The fines levied by the Higher Education Funding Council for England ("High stakes: £21m fines and 'blindfold poker'", News, 7 June) reveal real concerns with the student number controls now in place. It is not just about filling places via clearing: the issue is far more complex and includes protecting progression routes for students as part of the social inclusion agenda.
In Plymouth University's case, we work directly with partner colleges throughout the West and the South West of England, with some of our higher education places based in those colleges. Students, often mature learners and the first in their families to access higher education, enrol on foundation courses with the intention to progress to the main university to complete full honours degrees.
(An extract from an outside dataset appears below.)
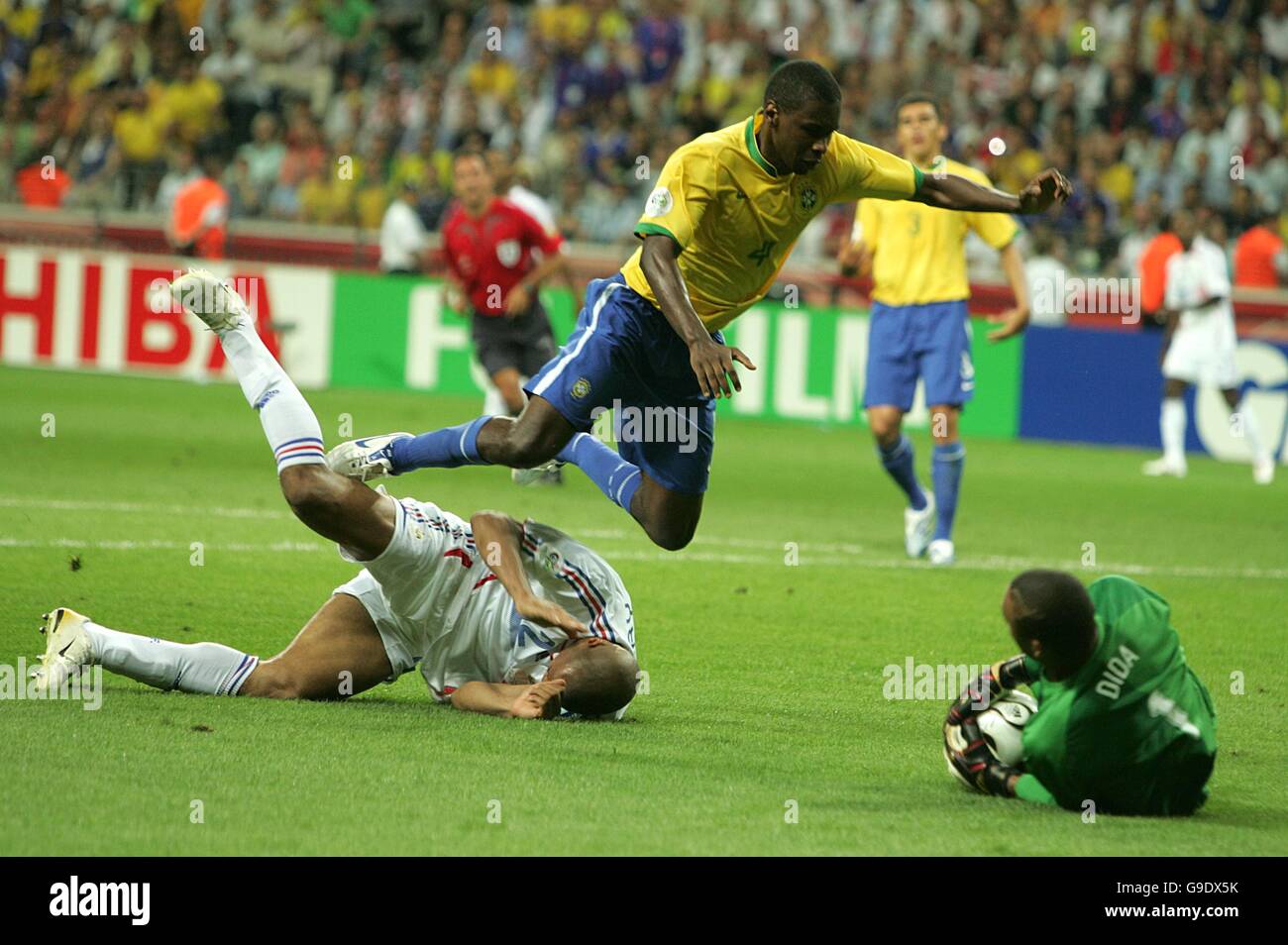France's Thierry Henry (L) is challenged by Brazil's Silveira Juan as goalkeeper Nelson Dida collects the ball Stock Photo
However, if they move from part-time to full-time status, they count not as simple transfers but as new entrants, despite the fact that they are already within Plymouth's student numbers allocation and have been with us for two years. This in part triggers a fine when we are simply delivering on our commitment to put students at the heart of the system.
Given the scale of our further education in higher education delivery, we appealed to Hefce against its decision because it appears contrary to the government's fair access policy. When the appeal was not upheld, we elected to take the fine rather than deny the students the chance to complete their degrees with us.
Plymouth has a long-term commitment to ensuring that talent irrespective of disadvantage can flourish. Far from taking a "clearing gamble", we were fined for adopting a principled position against a threat to social mobility - high stakes indeed.